- Brief:
Please return only the lines between the line with "Adicione suas próprias" and the final line of the entries, both included, and exclude pictures.

- Information given:
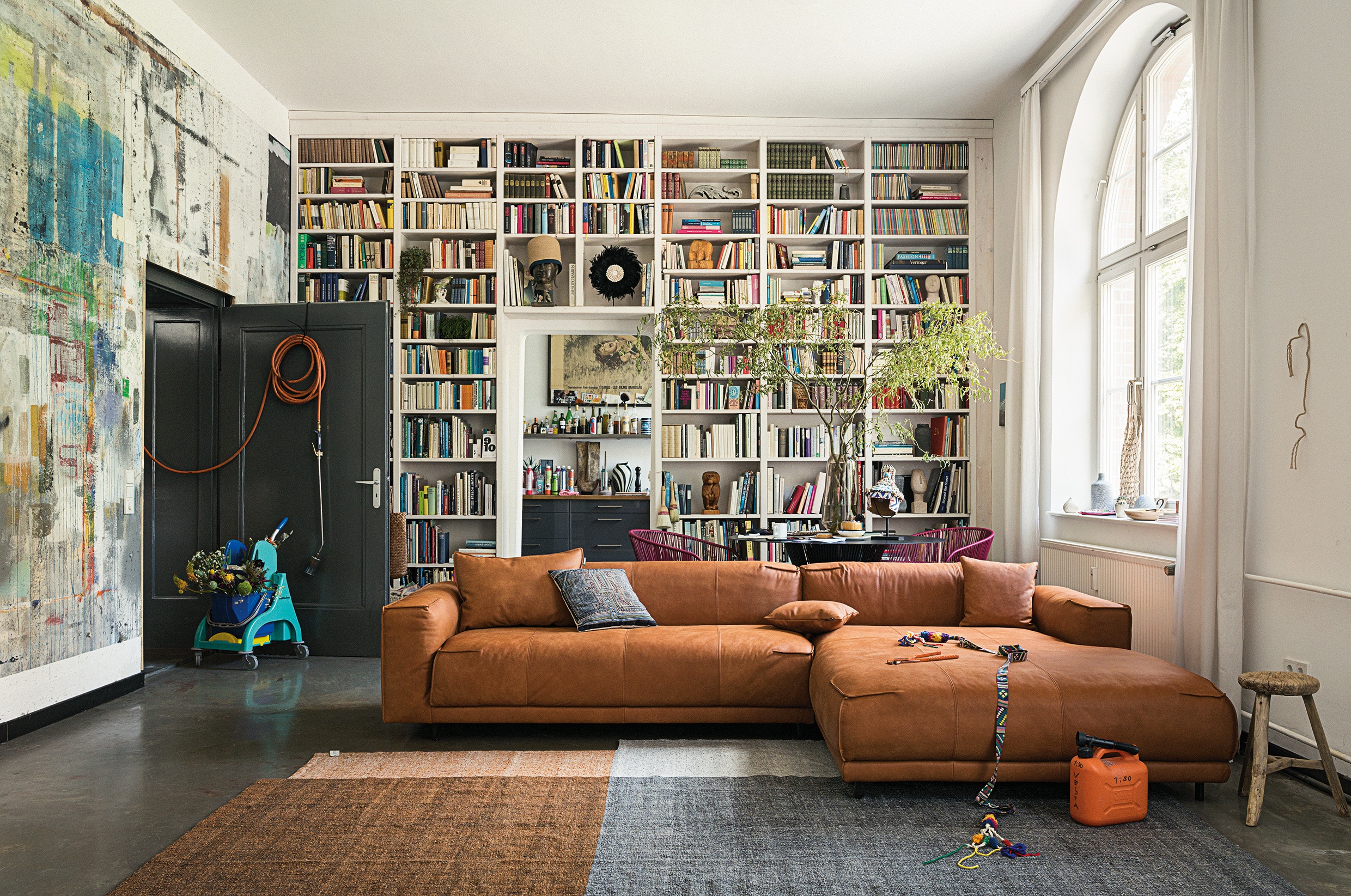 Handy-Wallpaper Zimmer, Sofa, Bibliothek, Menschengemacht, Möbilar kostenlos herunterladen.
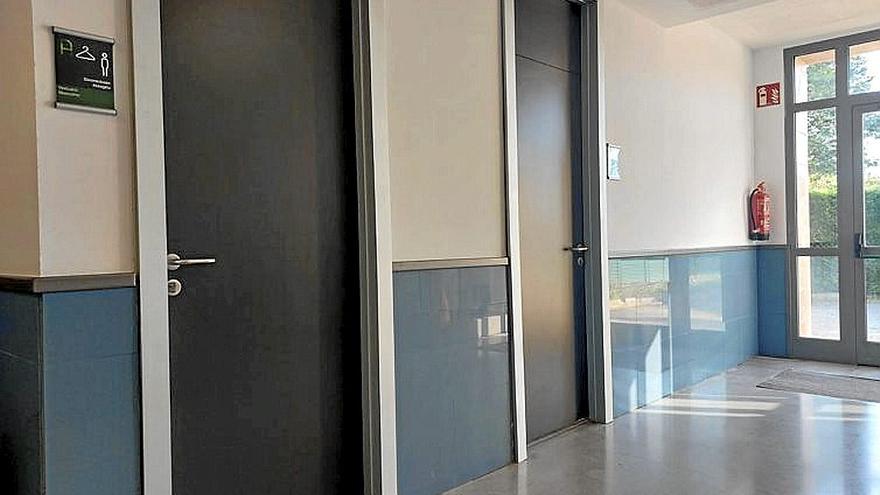 Abadiño renueva las puertas y los falsos techos de las piscinas de Astola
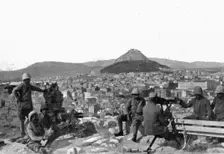 Les Evenements de Grece; Les 27 et 28 juin, sur l'Acropole: canon de montagne et mitrailleuse en po Creator: Unknown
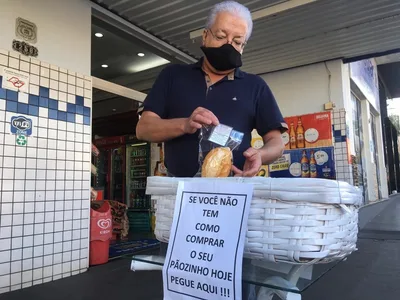 Padeiro doa pães durante a pandemia com mensagens da Bíblia: "Deus nos sustenta"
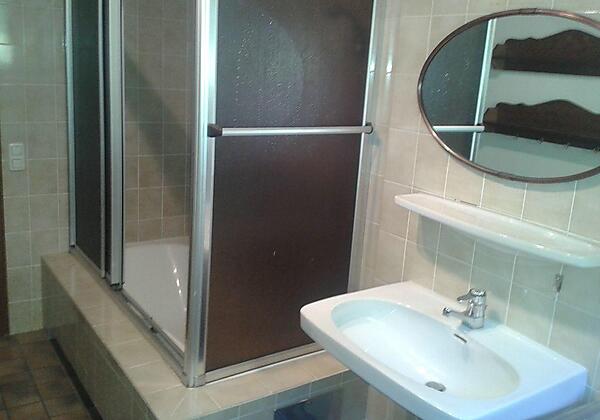 Bad und Dusche mit WC]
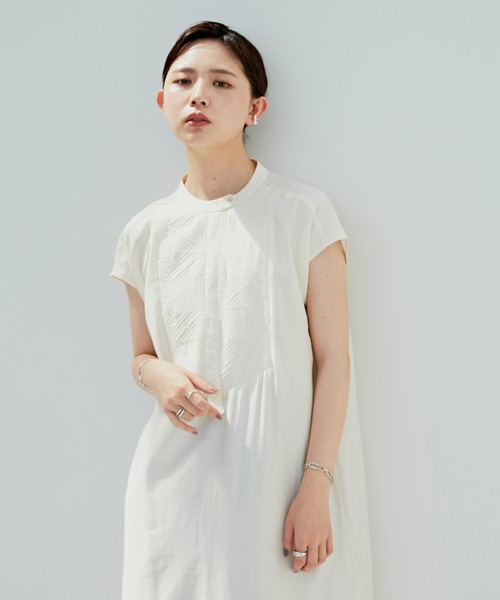 Aunt Marie's（アントマリーズ）の「デザインキルティングシャツワンピース（シャツワンピース・レディース・ホワイト/ブラック/ナチュラル・FREE）」の14枚目の写真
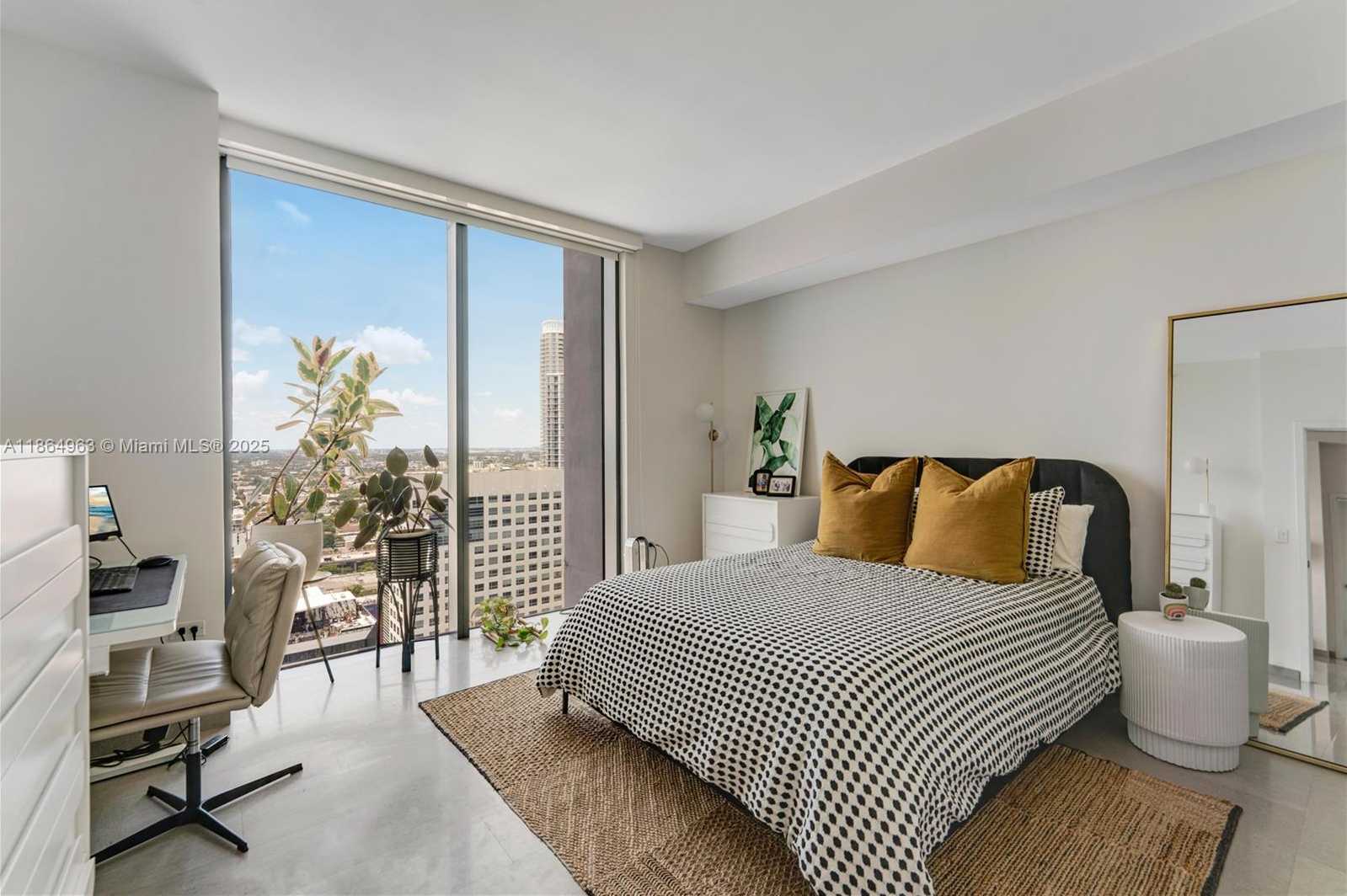 Small Image of 88 SOUTH WEST 7TH ST #2910, Miami Number 8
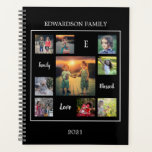 Agenda Crie sua própria colagem de fotos da família exclu<br><div class="desc">Crie seu próprio script de colagem de fotos da família e monograma único.
Adicione suas próprias fotos pessoais,  texto,  aspas,  monograma e nome para personalizar.</div>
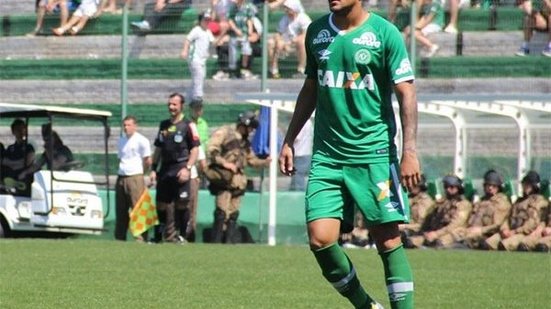 Imagem Ex-BaVi, Rafael Bastos fecha com o CRB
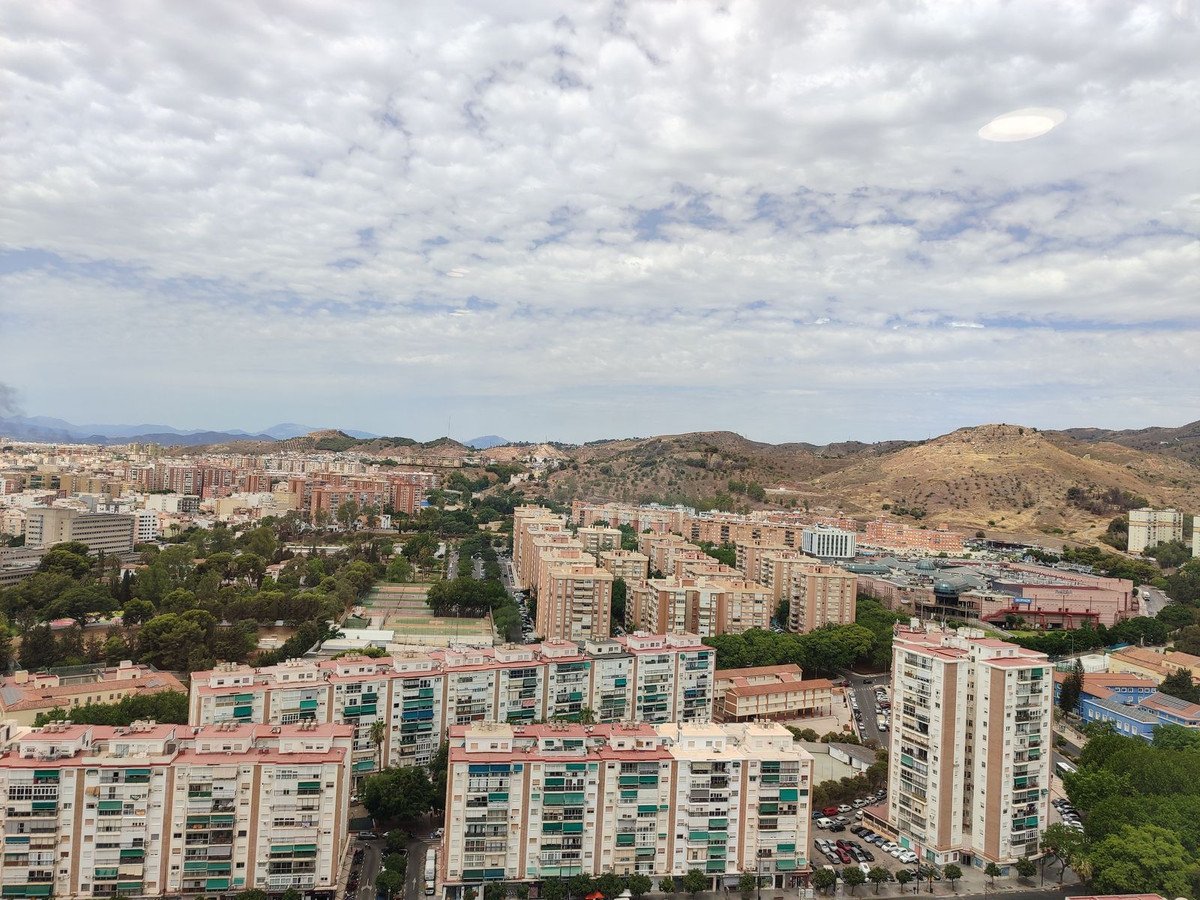 2 Bed Top Floor Apartment in Capuchinos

- Exercise output:
Adicione suas próprias fotos pessoais,  texto,  aspas,  monograma e nome para personalizar.</div>
 Imagem Ex-BaVi, Rafael Bastos fecha com o CRB
 2 Bed Top Floor Apartment in Capuchinos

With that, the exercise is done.